▶ **Goal of the exercise**: Give again, word for word, the line holding "210 North State" and every line after it through the end of the data below. Omit pictures.

▶ **Collected data**:
•••

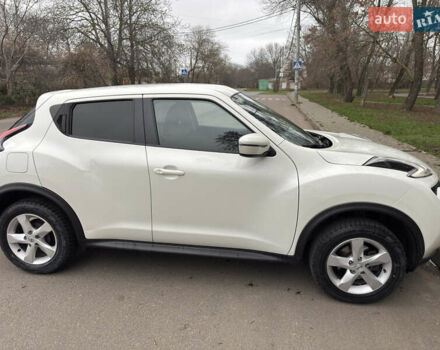 Белый Ниссан Жук, объемом двигателя 1.6 л и пробегом 52 тыс. км за 15000 $, фото 1 на Automoto.ua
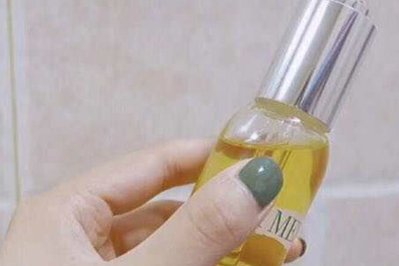 海蓝之谜瑧璨焕活精油搭配面霜使用怎么样？好用吗？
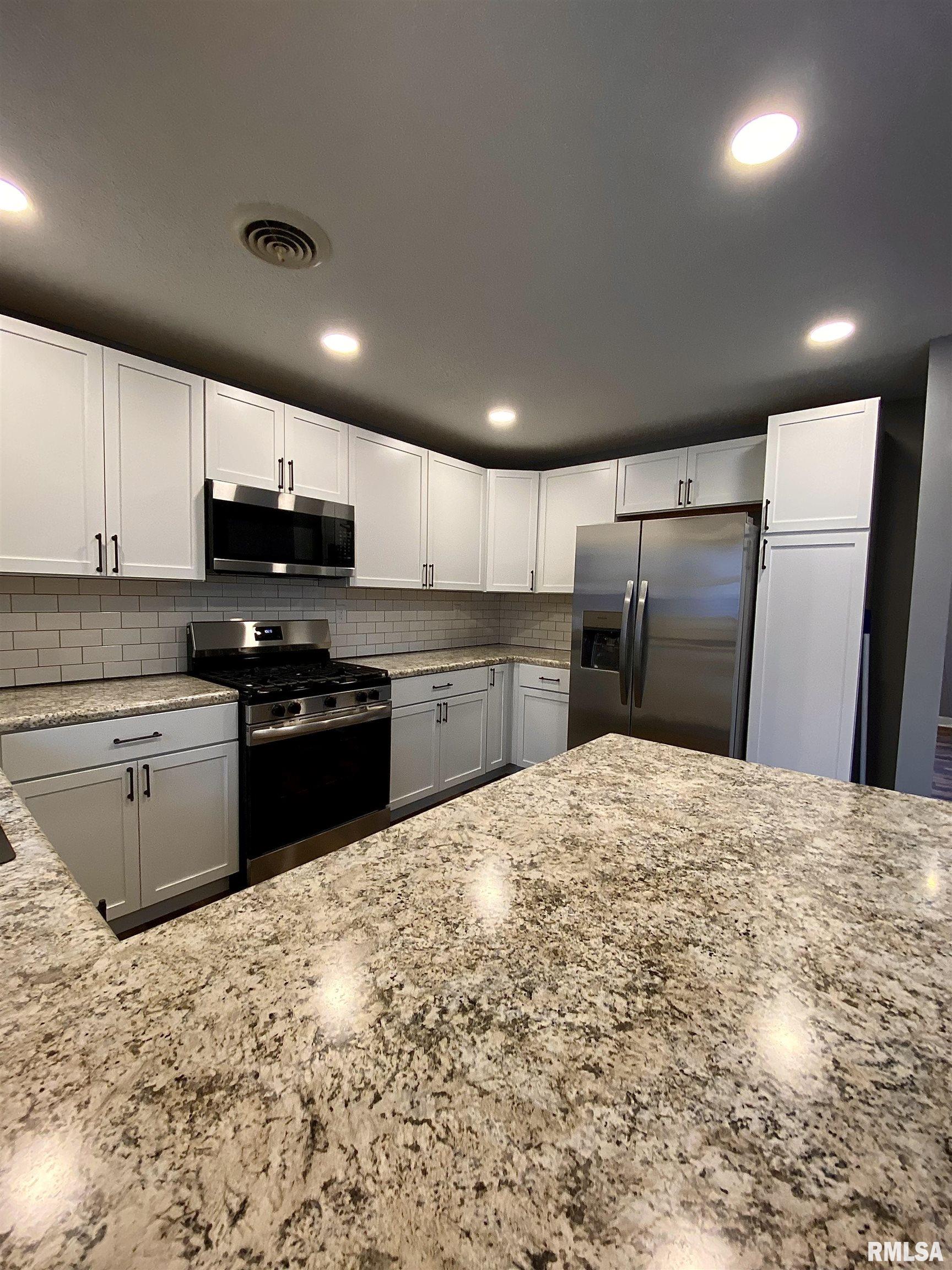 210 North State Street Christopher, IL 62822 - Photo 11 of 19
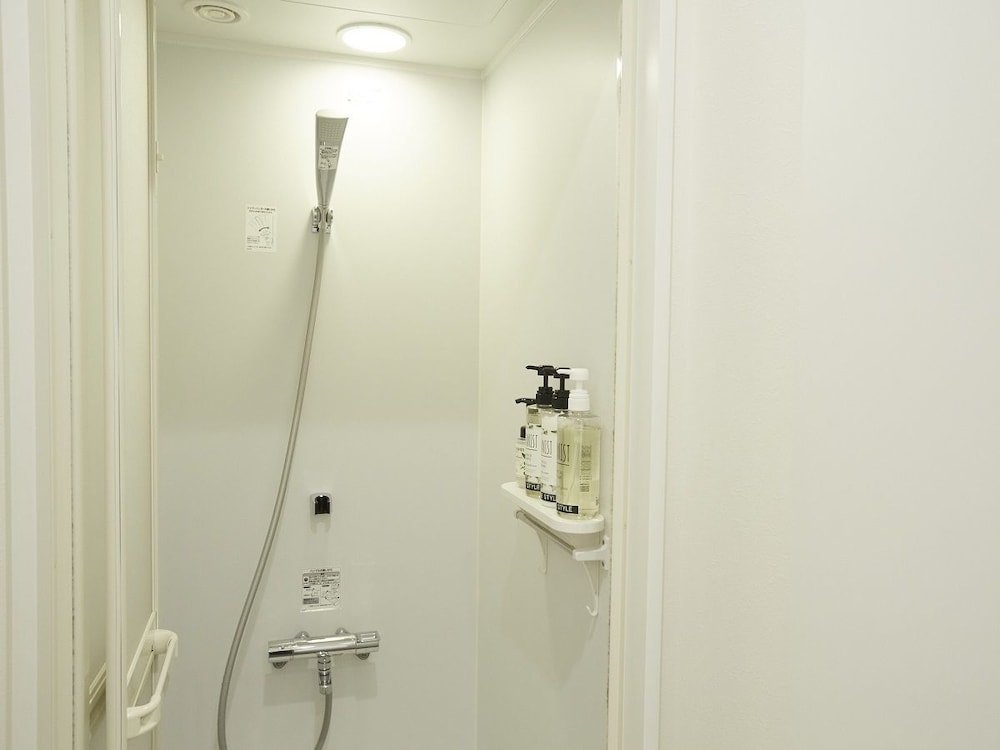 バスルームのシャワー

•••

▶ **Your response**:
 210 North State Street Christopher, IL 62822 - Photo 11 of 19
 バスルームのシャワー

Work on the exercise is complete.